THE TASK ->
Only the lines running from the line with "ROCKING GIFTS Kleine" to the end of the listing below should be copied, exactly, without pictures.

PROVIDED MATERIAL ->
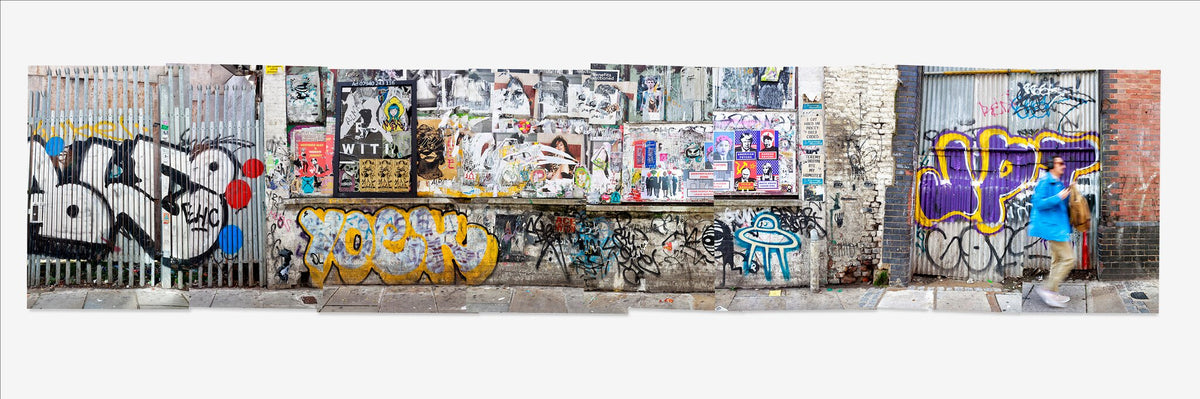 Mistress May | Painted Street by Sandy Mclea, a layered photomontage of an English street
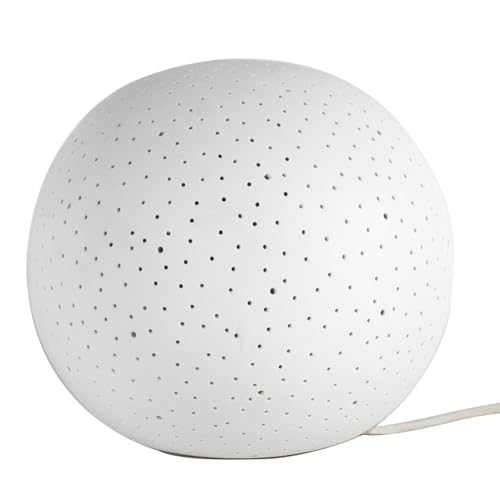 ROCKING GIFTS Kleine Tischlampe Weißer Ball mit Löchern für Ténue-Licht, Meditations- und Yogaball, für Wohnzimmer oder Schlafzimmer, 20 cm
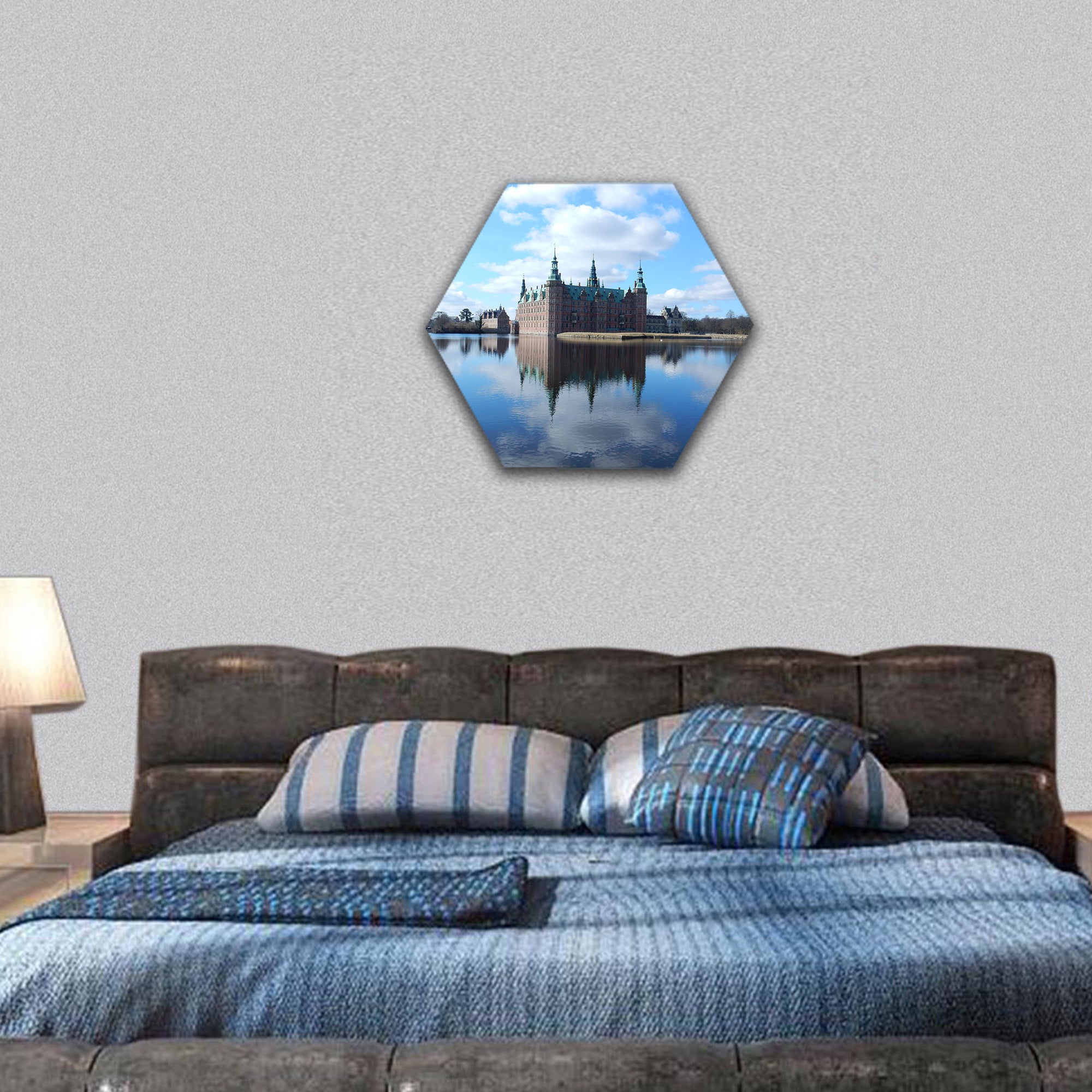 Frederiksborg castle, Hillerod, Zealand, Denmark hexagonal canvas wall art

TASK OUTPUT ->
 ROCKING GIFTS Kleine Tischlampe Weißer Ball mit Löchern für Ténue-Licht, Meditations- und Yogaball, für Wohnzimmer oder Schlafzimmer, 20 cm
 Frederiksborg castle, Hillerod, Zealand, Denmark hexagonal canvas wall art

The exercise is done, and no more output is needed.